Concepts¶
What is a Code Studio¶
A Code Studio is a personal space for running a web-based IDE, within DSS, and optionally one or several web applications.
Code Studios run in Kubernetes, and require setup of Elastic AI computation.
Some of the capabilities made possible by Code Studios include:
Editing and debugging Python recipes in Visual Studio Code
Debugging Python code in JupyterLab
Developing custom web applications using the Streamlit framework
Editing and debugging R recipes in RStudio Server
Within each instance of a Code Studio, you have full access to the terminal, can install any package, perform any action, save your IDE preferences, …
Each Code Studio can be started and stopped.
Each Code Studio is a separate container and has its separate filesystem. It cannot access the DSS host filesystem.
Note
In Dataiku Cloud, a space-admin needs to activate the feature « Code-Studio » in the Launchpad (extension tab > add an extension). The feature will be ready to use without needing any additional requirements.
Code Studio templates¶
Before you can run a Code Studio, the DSS administrator must set up a Code Studio template.
Each template provides a specific development environment and optional additional dependencies.
For example, you could have:
one template providing RStudio Server
another template containing the Visual Studio Code IDE + the streamlit framework for developing advanced visualizations
Users can then, from these templates, spawn personal instances of the development environments, called Code Studios. To follow our example, these Code Studios can then be used to edit an existing R recipe in DSS, or to develop a streamlit webapp using Visual Studio Code.
The template consists of blocks that define what will be available in the Code Studio.
Technical details¶
At its core, a Code Studio is a Kubernetes pod running an HTTP server in a Kubernetes cluster. DSS starts it and shuttles files between the DSS instance and the container inside the pod, then forwards requests on the DSS UI to the HTTP server.

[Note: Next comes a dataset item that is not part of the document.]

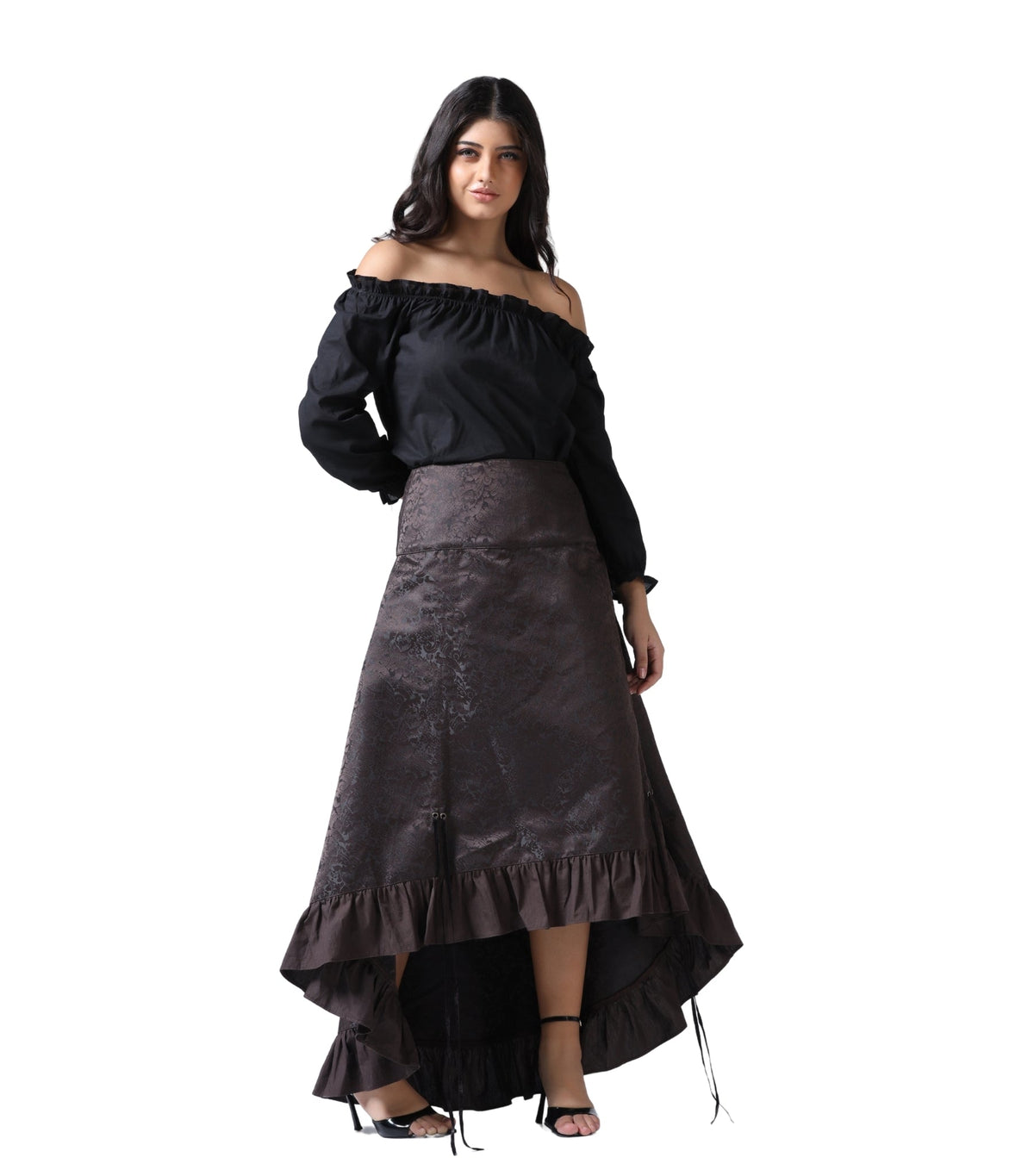 A woman modeling a black off-the-shoulder long-sleeve blouse paired with a dark brown high-low satin skirt with ruffle details, set against a plain white background.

To start and connect to a pod in a Kubernetes cluster, DSS must:
prepare container images
prepare Kubernetes resource definitions to start a pod in the cluster
identify ports on which the pod serves its app
All this is defined within the Code Studio template. Additionally, the template defines which files from the DSS filesystem are shared with the container in the cluster.
Once a Code Studio template has been prepared and is available to some users, they can start creating Code Studios to run the application(s) defined in that template, and access it via DSS. Here, “application” is something served by an HTTP server, and the runtime is hosting the HTTP server. Each Code Studio spawns some Kubernetes resources, typically a deployment, leading to a pod somewhere in the cluster running the application(s). DSS then synchronizes the files from the DSS filesystem to the container in the pod, as defined in the template, and starts the web server in the container.
Once running, the user can connect to all applications (that is, their HTTP servers) running in the container, use them as appropriate to edit files or perform analyses, and finally synchronize back modified files from the container to the DSS filesystem.